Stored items

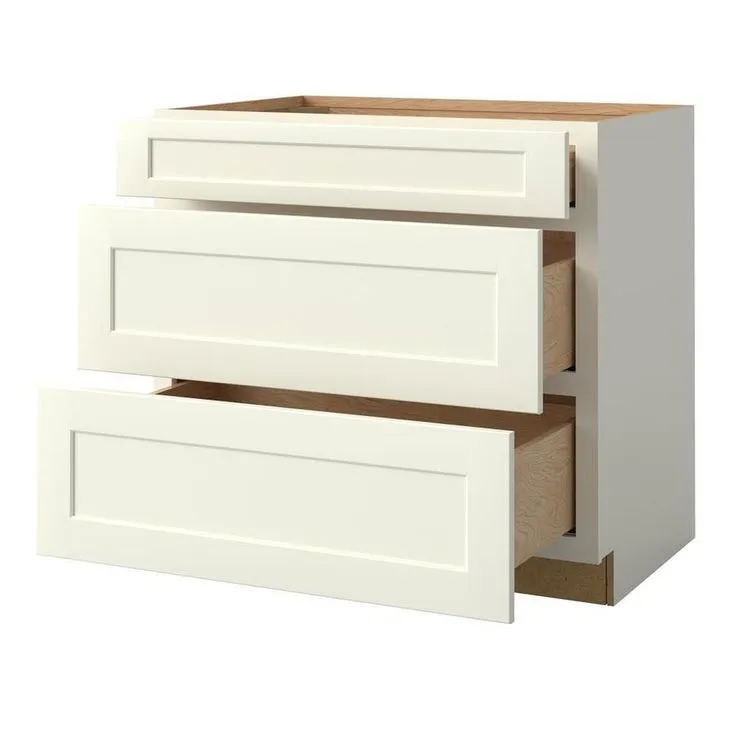 allen + roth Aveley 36-in W x 34.5-in H x 24-in D Linen Maple Drawer Base Semi-Custom Cabinet, photo 3 of 6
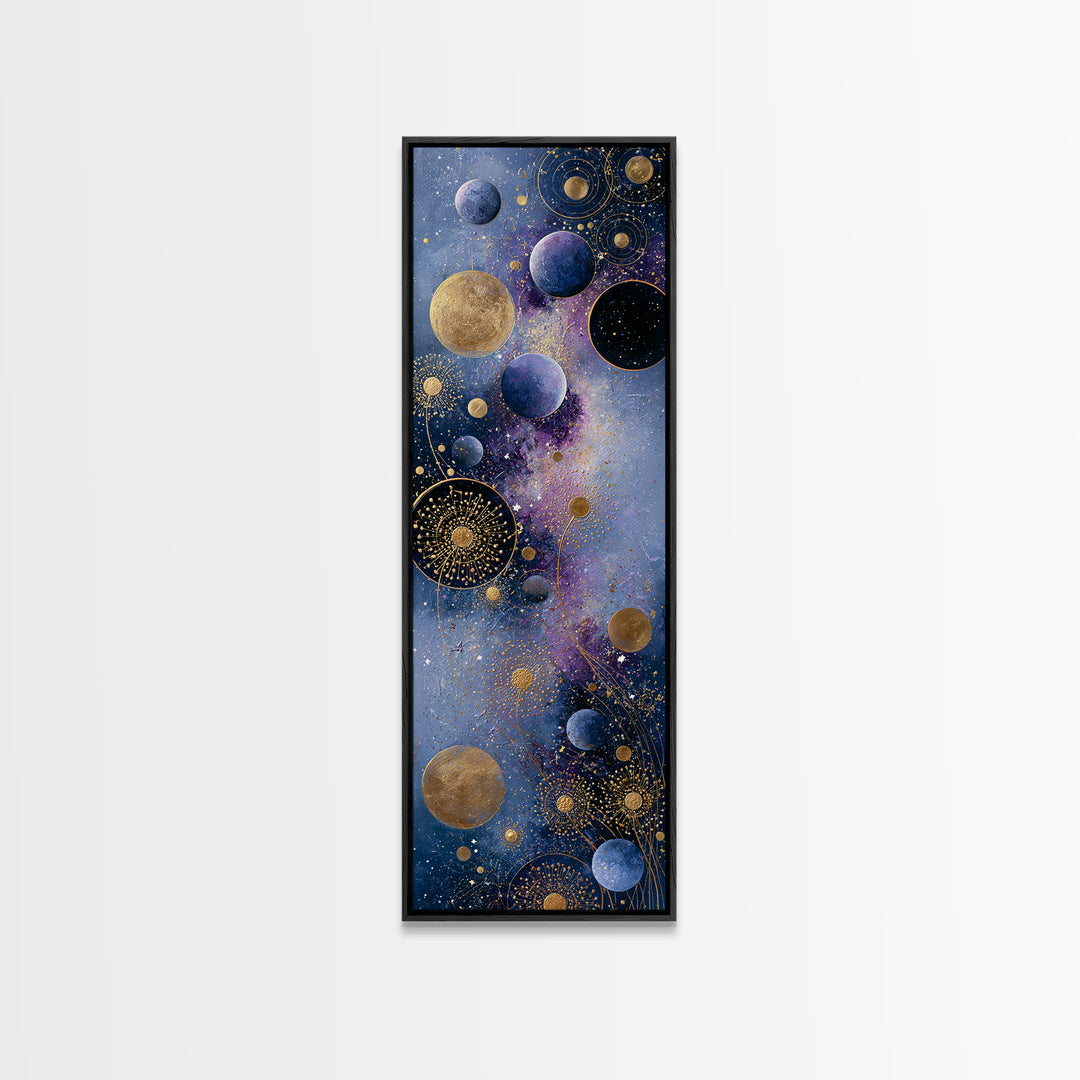 Cosmic Garden with Planets as Flowers Canvas Print, Space Art, Printable Art, Spa Decor, Oil Painting, Serenity, Modern Decor, SAR-1x3-73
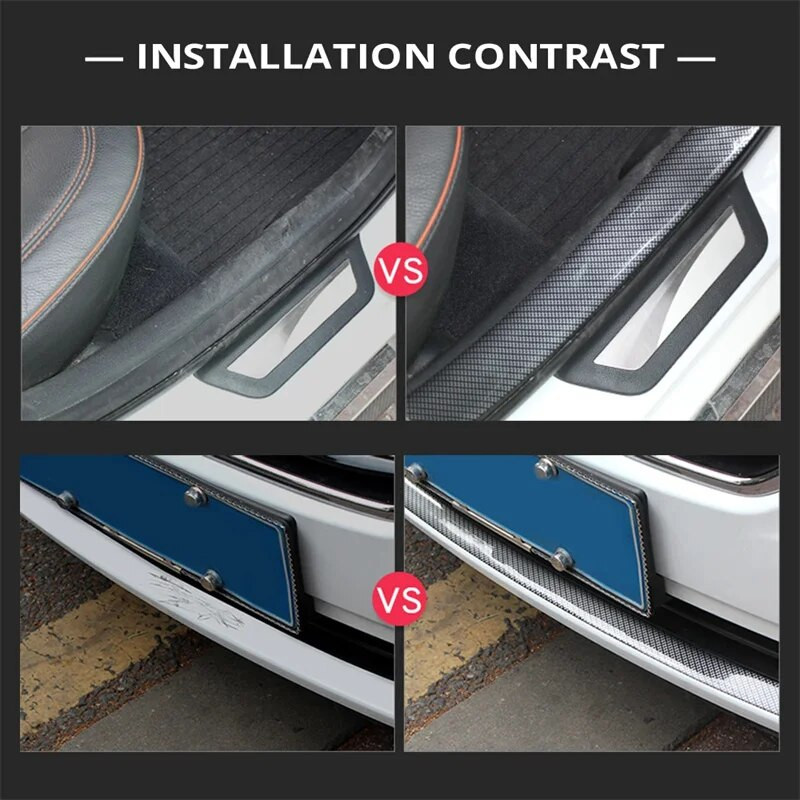 Süsinikkiust kaitsmed Autokleebised, ukseserva kaitsekile, kummist vormiliist DIY auto stiilitarvikud Interjöör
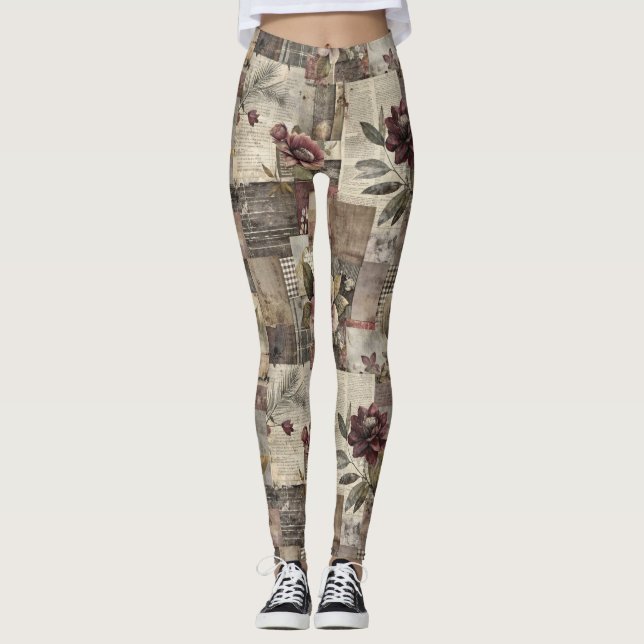 Leggings Patchwork Botanique Rustique Vintage (2) (Devant)
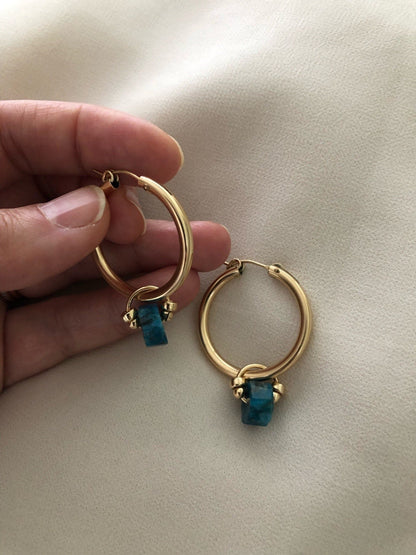 AUDRA GEMSTONE HOOPS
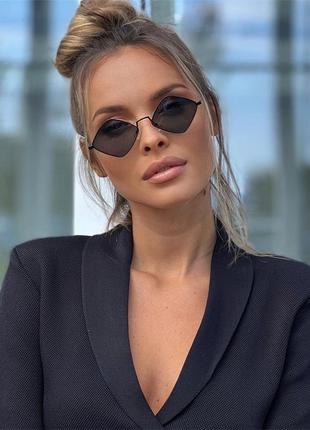 Окуляри 💎 очки uv400  ромби чорні  темні сонцезахисні стильні модні нові3 фото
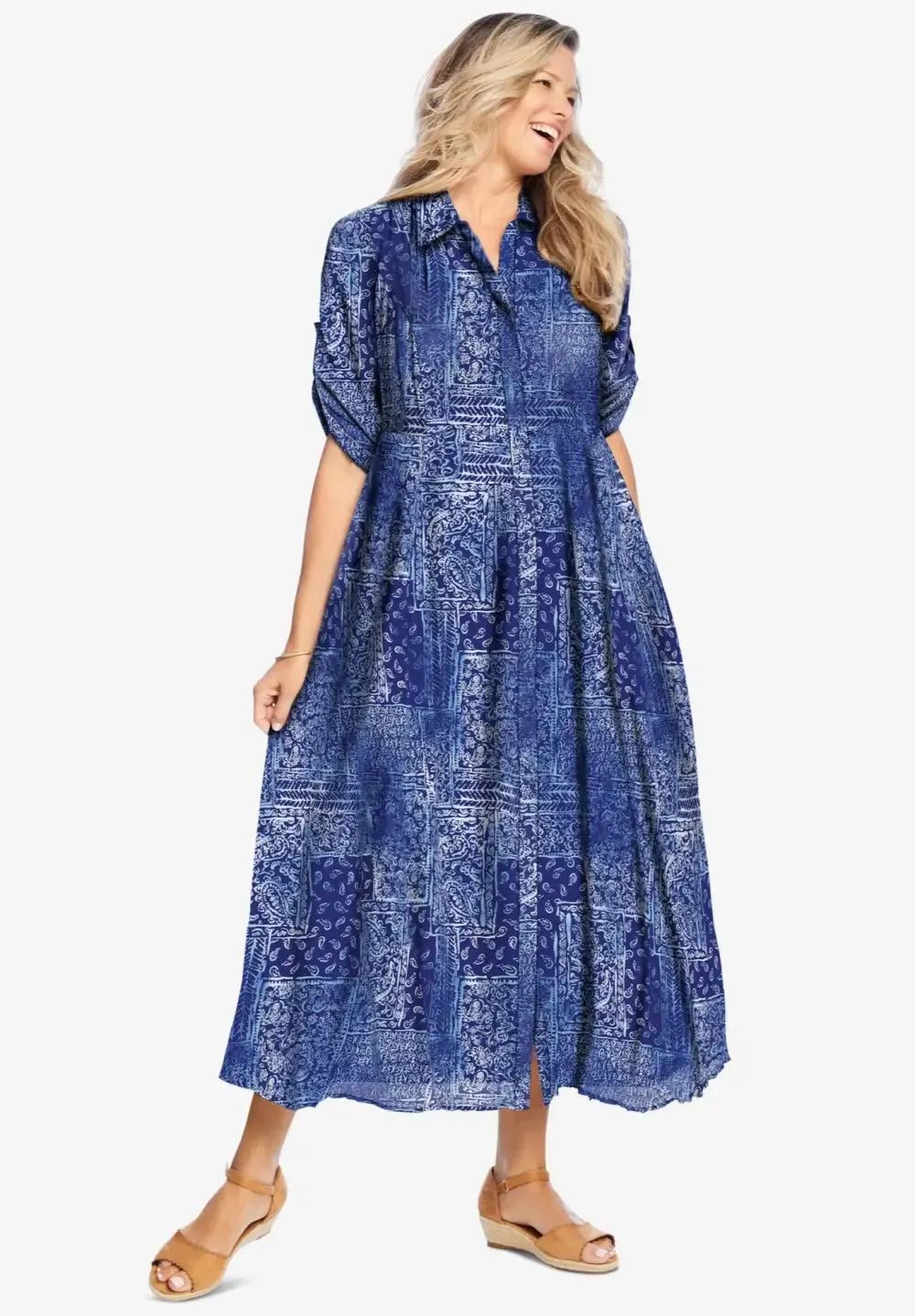 Roll-Tab Sleeve Crinkle Shirtdress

Task description:
Repeat the records above word for word, apart from the pictures.

Answer section:
 allen + roth Aveley 36-in W x 34.5-in H x 24-in D Linen Maple Drawer Base Semi-Custom Cabinet, photo 3 of 6
 Cosmic Garden with Planets as Flowers Canvas Print, Space Art, Printable Art, Spa Decor, Oil Painting, Serenity, Modern Decor, SAR-1x3-73
 Süsinikkiust kaitsmed Autokleebised, ukseserva kaitsekile, kummist vormiliist DIY auto stiilitarvikud Interjöör
 Leggings Patchwork Botanique Rustique Vintage (2) (Devant)
 AUDRA GEMSTONE HOOPS
 Окуляри 💎 очки uv400  ромби чорні  темні сонцезахисні стильні модні нові3 фото
 Roll-Tab Sleeve Crinkle Shirtdress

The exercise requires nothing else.